The paper tackles energy-efficient anomaly detection in time series on resource-constrained devices by introducing Vacuum Spiker, a two-layer spiking neural network that processes data in real time using Interval Coding and a novel STDP rule. It trains exclusively on normal data to suppress routine patterns, and flags anomalies via a spike-count threshold in the processing layer, achieving single-step, online inference. Across 45 public datasets and a real-world solar inverter case, Vacuum Spiker shows competitive detection performance while dramatically reducing energy consumption compared to deep learning baselines. This work demonstrates the potential of Spiking Neural Networks for Green AI in edge-time-series anomaly detection and motivates future exploration of online learning and architectural variants.

Abstract

Anomaly detection is a key task across domains such as industry, healthcare, and cybersecurity. Many real-world anomaly detection problems involve analyzing multiple features over time, making time series analysis a natural approach for such problems. While deep learning models have achieved strong performance in this field, their trend to exhibit high energy consumption limits their deployment in resource-constrained environments such as IoT devices, edge computing platforms, and wearables. To address this challenge, this paper introduces the \textit{Vacuum Spiker algorithm}, a novel Spiking Neural Network-based method for anomaly detection in time series. It incorporates a new detection criterion that relies on global changes in neural activity rather than reconstruction or prediction error. It is trained using Spike Time-Dependent Plasticity in a novel way, intended to induce changes in neural activity when anomalies occur. A new efficient encoding scheme is also proposed, which discretizes the input space into non-overlapping intervals, assigning each to a single neuron. This strategy encodes information with a single spike per time step, improving energy efficiency compared to conventional encoding methods. Experimental results on publicly available datasets show that the proposed algorithm achieves competitive performance while significantly reducing energy consumption, compared to a wide set of deep learning and machine learning baselines. Furthermore, its practical utility is validated in a real-world case study, where the model successfully identifies power curtailment events in a solar inverter. These results highlight its potential for sustainable and efficient anomaly detection.

Figures (5)

• Figure 1: Vacuum Spiker algorithm process. First, an univariate time series is encoded using Interval Coding.

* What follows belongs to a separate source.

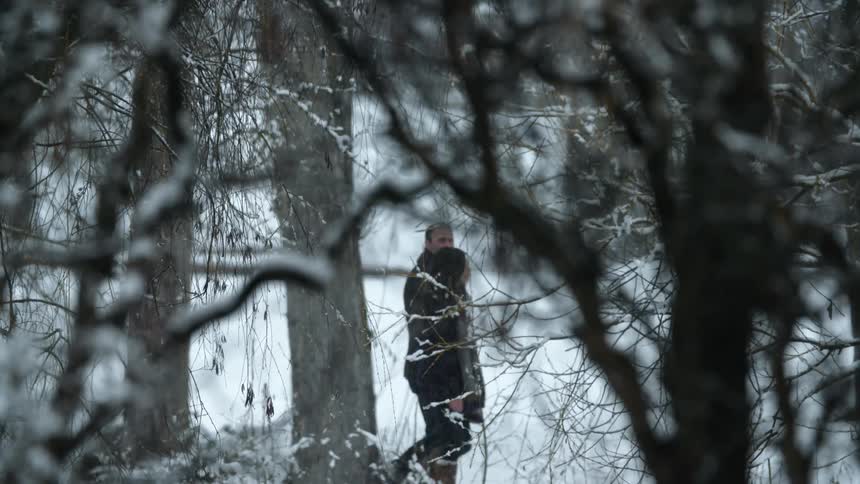 Man and woman walk through a snowy forest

The predefined interval in which a value falls determines which neuron is activated. Information then propagates through the $I \rightarrow R$ connection (black lines between $I$ and $R$) and, if present, through $R \rightarrow R$ connection (gray lines within layer $R$). If the number of firing neurons in layer $R$ exceeds a predefined threshold, an alert is generated.
• Figure 2: Spike counts generated by the Vacuum Spiker algorithm (blue). Green dots indicate the time series values, while orange lines mark intervals with labelled anomalies. The red lines denote the anomaly detection thresholds.
• Figure 3: Comparison of power output (kW) by the solar inverter with and without power curtailment.
• Figure 4: Power output (kW) of a solar inverter during periods affected by communication errors.
• Figure 5: Power production (in kW) and anomaly detection for the studied solar inverter under different operational conditions. In all figures, the power output is shown in blue and corresponds to the left axis, while the number of spikes generated over time is shown in orange and corresponds to the right axis. Spikes are considered alerts. The scenarios depicted include normal operation, communication errors, and varying degrees of power curtailment across different months.